:: Work to complete ::
The lines to be extracted run from the start of the listing through the line containing "MIDグレー | Ｔシャツセットフェザーニットベストアンサンブル | rps"; copy them exactly and nothing else.

:: Data section ::
########################################

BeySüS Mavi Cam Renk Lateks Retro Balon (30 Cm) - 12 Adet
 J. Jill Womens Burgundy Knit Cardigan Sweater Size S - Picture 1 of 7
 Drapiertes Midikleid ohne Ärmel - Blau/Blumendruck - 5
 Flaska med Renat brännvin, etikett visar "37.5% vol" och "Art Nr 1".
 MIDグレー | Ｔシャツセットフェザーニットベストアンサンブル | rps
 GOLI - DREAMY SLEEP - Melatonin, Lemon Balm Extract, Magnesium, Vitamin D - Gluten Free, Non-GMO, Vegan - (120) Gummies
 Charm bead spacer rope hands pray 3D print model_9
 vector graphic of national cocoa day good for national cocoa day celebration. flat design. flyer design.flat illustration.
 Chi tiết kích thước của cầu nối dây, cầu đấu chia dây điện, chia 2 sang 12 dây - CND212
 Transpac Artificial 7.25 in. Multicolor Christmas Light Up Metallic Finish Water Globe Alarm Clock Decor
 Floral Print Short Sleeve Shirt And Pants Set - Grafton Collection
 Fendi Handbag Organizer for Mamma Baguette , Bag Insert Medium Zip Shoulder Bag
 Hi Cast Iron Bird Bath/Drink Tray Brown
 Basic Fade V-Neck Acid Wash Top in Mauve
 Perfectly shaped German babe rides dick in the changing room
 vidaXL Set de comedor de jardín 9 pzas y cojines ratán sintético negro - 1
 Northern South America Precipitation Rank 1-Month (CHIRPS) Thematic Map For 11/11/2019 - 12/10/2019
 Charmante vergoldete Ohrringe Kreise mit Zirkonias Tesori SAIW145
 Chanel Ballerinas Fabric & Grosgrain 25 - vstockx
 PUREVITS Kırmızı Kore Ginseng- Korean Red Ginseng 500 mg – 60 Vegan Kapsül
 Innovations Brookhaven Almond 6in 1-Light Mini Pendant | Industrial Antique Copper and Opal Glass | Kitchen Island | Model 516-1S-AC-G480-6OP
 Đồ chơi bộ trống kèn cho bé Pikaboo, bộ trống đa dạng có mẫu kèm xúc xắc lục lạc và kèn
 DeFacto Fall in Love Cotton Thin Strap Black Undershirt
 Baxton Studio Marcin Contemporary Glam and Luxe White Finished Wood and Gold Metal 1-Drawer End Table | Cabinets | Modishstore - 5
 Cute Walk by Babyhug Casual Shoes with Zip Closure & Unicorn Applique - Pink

########################################

:: Task output ::
BeySüS Mavi Cam Renk Lateks Retro Balon (30 Cm) - 12 Adet
 J. Jill Womens Burgundy Knit Cardigan Sweater Size S - Picture 1 of 7
 Drapiertes Midikleid ohne Ärmel - Blau/Blumendruck - 5
 Flaska med Renat brännvin, etikett visar "37.5% vol" och "Art Nr 1".
 MIDグレー | Ｔシャツセットフェザーニットベストアンサンブル | rps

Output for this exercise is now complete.